Colorado, Idaho, Montana and Nebraska have the same sentencing approach. In four other states, Alabama, Delaware, Florida and Indiana, the jury presents an advisory verdict but the judge makes the final sentencing decision.

The decision today will also require a change in the federal death penalty law. While juries determine the existence of aggravating factors under the federal law, those factors are not charged in the indictment, as they must be under the ruling today. The Supreme Court is likely to vacate an appeals court decision upholding the death sentence of one federal prisoner, Billie J. Allen, whose appeal, Allen v. United States, No. 01-7310, has been before the court since last October.
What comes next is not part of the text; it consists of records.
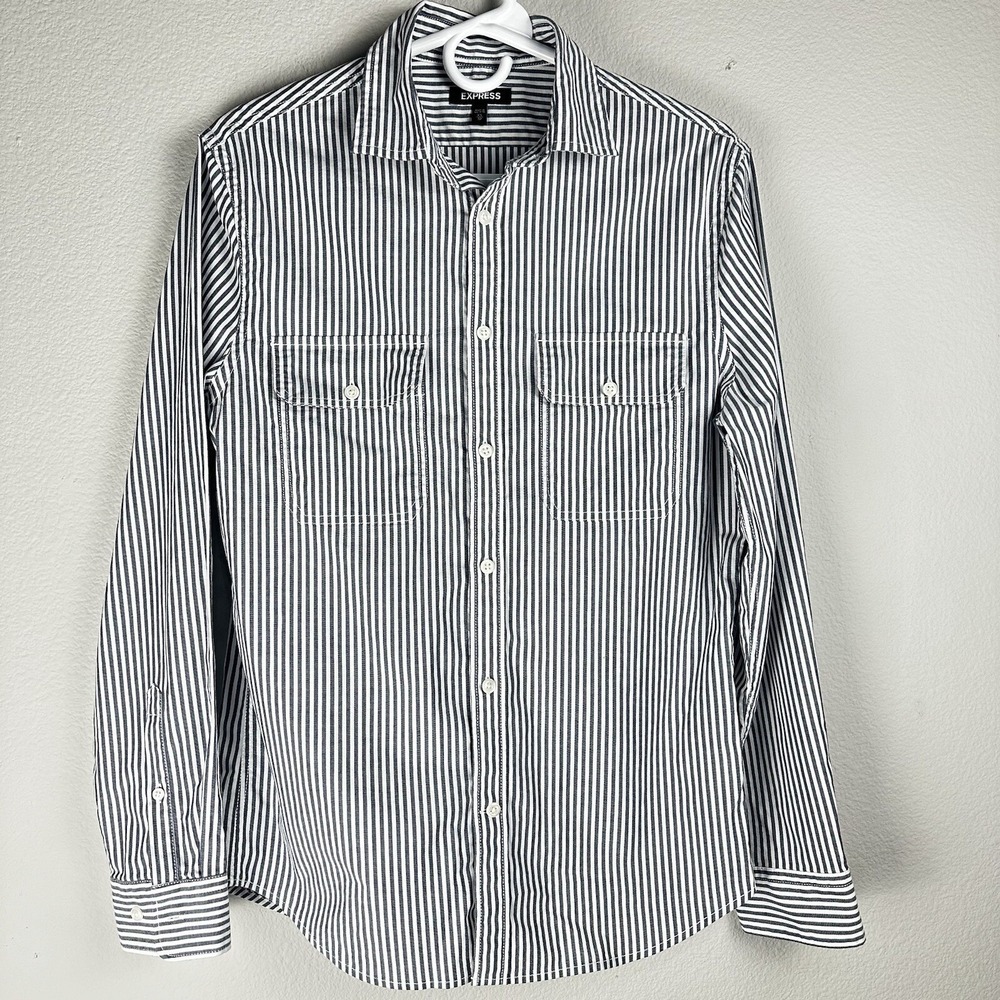 Express Button‎ Down Shirt Women's XS Gray White Striped Workwear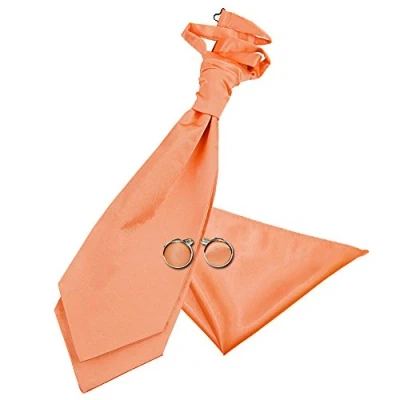 Image of DQT Men Plain Satin Wedding Scrunchie Pre Tied Cravat, Pocket Square &amp; Cufflinks Coral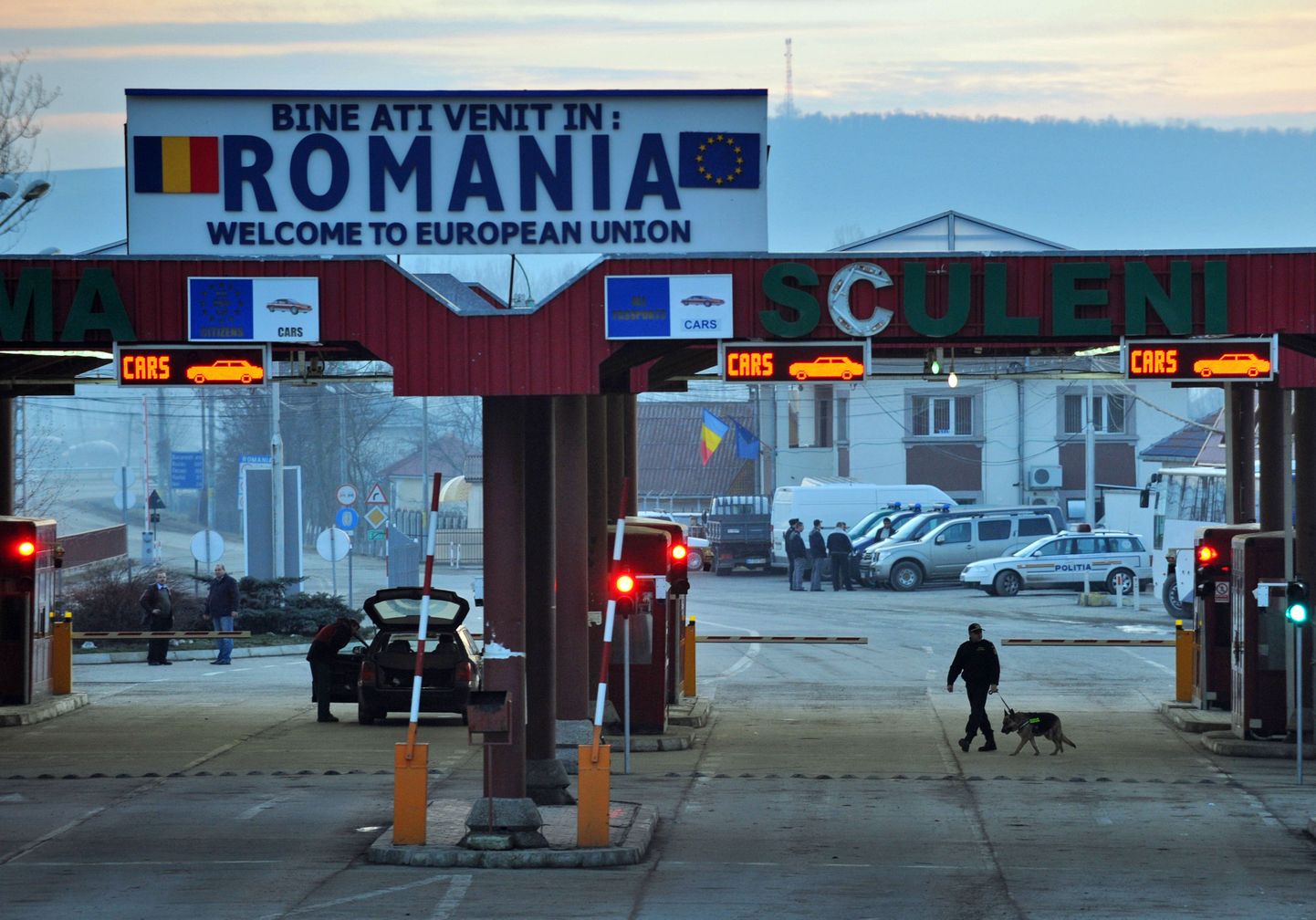 Sculeni piiriületuspunkt Rumeenia-Moldova piiril. Foto on illustratiivne.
Coming four days after a major ruling that abolished the death penalty for mentally retarded offenders, the decision today gave the appearance of a new Supreme Court momentum against the death penalty. But that was only an appearance. The decision assumed the validity of capital punishment in general as well as the death penalty laws of 29 states that already conform to the requirement the court set today.

The ruling was, instead, the result of the justices’ confrontation with the implications of its decision in Apprendi v. New Jersey. In the context of a New Jersey hate-crime statute that imposed a higher sentence if a judge found that a crime was committed with a biased motive, the Apprendi decision held that any factor that led to a sentence higher than the statutory maximum must be charged in the indictment and found beyond a reasonable doubt by the jury.
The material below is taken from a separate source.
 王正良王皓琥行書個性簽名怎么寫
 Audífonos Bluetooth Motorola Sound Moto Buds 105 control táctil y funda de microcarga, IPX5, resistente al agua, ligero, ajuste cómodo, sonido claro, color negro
The court held that in the Arizona case the maximum sentence under the statute was life in prison, with additional findings by a judge required to make a defendant eligible for the death penalty.

The Apprendi decision was based on the Sixth Amendment right to trial by jury. Although the majority opinion in that case, by Justice John Paul Stevens, disavowed any impact on the court’s precedents upholding sentencing by judges in death penalty cases, a dissenting opinion by Justice O’Connor warned that the Arizona death penalty law could not survive application of the principle the majority had embraced.

In her dissenting opinion today, Justice O’Connor agreed that the Apprendi decision and the Arizona law were irreconcilable, but said the preferred course would be to preserve the Arizona law and overrule Apprendi, which she said ”had a severely destabilizing effect on our criminal justice system.”

Besides raising questions about the death penalty laws in nine states, the Apprendi decision raised a question about the growing use of mandatory minimum sentences higher than the normal minimums. At issue was whether the same Sixth Amendment principle applied to factors like the quantity of illegal drugs or the use of a gun that required higher minimum sentences. Could judges continue to make the factual findings on such aggravating circumstances?

The court rejected that potential extension of the Apprendi decision in a second ruling today that, in practical effect on the criminal justice system, applied more broadly than the death penalty ruling.

By a vote of 5 to 4, the court held that as long as the judge imposed a sentence that was within the statutory range, the defendant’s right to trial by jury was not compromised even if the judge determined the facts that led to the higher minimum sentence.

This decision, Harris v. United States, No. 00-10666, removed doubts that had lingered since the Apprendi decision about the constitutionality of the federal sentencing guidelines, under which judges make factual determinations that move defendants up or down the range provided by the guidelines. The decision was also a strong indication that the Apprendi principle would be extended no further.

Justice Stephen G. Breyer, an author and leading interpreter of the sentencing guidelines, provided the fifth vote for the court’s judgment in the Harris case, although he did not join the analysis of Justice Anthony M. Kennedy’s majority opinion.

”I cannot easily distinguish Apprendi v. New Jersey from this case in terms of logic,” Justice Breyer said.

Nonetheless, he said, he would agree not to apply Apprendi to mandatory minimum sentences because such an application ”would have adverse practical, as well as legal, consequences.”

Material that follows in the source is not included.